I solved referrer spam & it only cost my soul (or a custom dimension)
For me referrer spam in Google Analytics isn’t just a small nuisance. Having a site with not that much traffic these abhorrent idiots polluting my tracking data are unnerving to say the least. Having to update my filters nearly every day only to have my data polluted non the less could nearly be a reason to switch tracking tools.
Why Google, even after months is not able to deliver a solution also seems a little odd to me.Some days ago I stumbled upon a solution nearly by accident:Working with multiple clients at different traffic scales for most of them the scale of this spam does not seem to be a problem at all. Non the less, it does polute their data. And I am a sucker for clean data.
For quite some time now I have been thinking about a solution for said problem. When within another context a client of the agency I work for started tracking the GA cookie ID into a custom dimension.
I thought about replicating this for my own implementation just to test something. That’s when I discovered that the hits coming from these spammers did not have a cookie ID. I had thought about it already. These polluting hits sent via the Measurement Protocol.
And no wonder as they (ab)use the measurement protocol’s inability to make sure only valid requests are registered into a GA property. Without any validation for tracking hits in place it is quite too easy for these spammers to massively send false data into other’s properties.
So if you do not need to use the Measurement Protocol, then there is a very simple solution. And instead of costing your soul, it only requires the use of an additional custom dimension. Especially if you are using Google Tag Manager the following steps can be implemented in minutes.
If you are in need of the Measurement Protocol, a very similar solution will work, but it would require a little bit more effort. Especially on the implementation side for tracking with the Measurement Protocol. More on that at the end of this post.
Solution for Referrer Spam using Google Tag Manager
#1: Create new CustomDimension
First of all you have to create a new custom dimension inside your Google Analytics property. Give it a Scope, that makes sense to you (I decided on using User as a scope).
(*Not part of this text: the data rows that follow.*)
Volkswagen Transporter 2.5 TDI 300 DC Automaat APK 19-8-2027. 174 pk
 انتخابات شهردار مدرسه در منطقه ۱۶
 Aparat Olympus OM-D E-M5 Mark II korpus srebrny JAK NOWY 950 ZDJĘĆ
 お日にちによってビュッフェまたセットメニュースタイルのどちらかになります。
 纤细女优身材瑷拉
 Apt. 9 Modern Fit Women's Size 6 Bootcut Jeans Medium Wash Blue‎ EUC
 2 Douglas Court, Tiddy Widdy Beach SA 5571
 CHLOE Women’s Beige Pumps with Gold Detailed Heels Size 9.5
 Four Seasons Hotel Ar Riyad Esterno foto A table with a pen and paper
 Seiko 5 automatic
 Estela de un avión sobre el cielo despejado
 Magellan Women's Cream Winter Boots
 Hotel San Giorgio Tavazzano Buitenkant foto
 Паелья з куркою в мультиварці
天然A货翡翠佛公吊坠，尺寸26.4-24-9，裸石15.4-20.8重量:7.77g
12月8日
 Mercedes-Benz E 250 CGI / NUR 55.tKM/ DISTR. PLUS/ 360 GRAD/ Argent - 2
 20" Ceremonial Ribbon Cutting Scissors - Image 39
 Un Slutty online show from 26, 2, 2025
Remember the index number, as you will later need this. And remember, that (at least in the free version of Google Analytics) you only have 20 dimensions. So you see, killing referrer spam comes at a price. Not quite your soul, but non the less using a custom dimension for something, that Google should have already figured out is not trivial.
#2: Create View for testing and implement filter
First of all. Create a View in your Google Analytics property for testing purposes. This is of utmost importance, as you do not wanna potentially taint your data in the raw data view by adding a mistake with your filter and destroying your data’s integrity.
So if you do not already have one, create a view for testing filters and implement the following filter:
- A custom filter
- Use Include-Ruleset
- Filter Field: The Name of the custom dimension you implemented in you last step (in my case: Cookie GA)
- Filter Patter: ^GA[0–9]\..*
Then save this filter and go on with the next step.
#3: Create GTM Custom Variable
Next you have to create a custom variable in your Google Tag Manager Container. Give it a name that follows your naming convention (I use cookie as a prefix for all types of cookie-variables).
Then add this variable to your basic Universal Analytics Tag an use the right index-number. If you have additional GA tags in your GTM container, I recommend adding the variable there as well. Especially if you decided on hit level scope.
Now you should test everything using the preview mode and the analytics debugging tools of your choice. If after some days all looks good, implement filter in normal filtered view (and remember always keep raw data view in place without filter).
As Stephen pointed out in the comments the GTM variable should be a ‘First Party Cookie’-variable.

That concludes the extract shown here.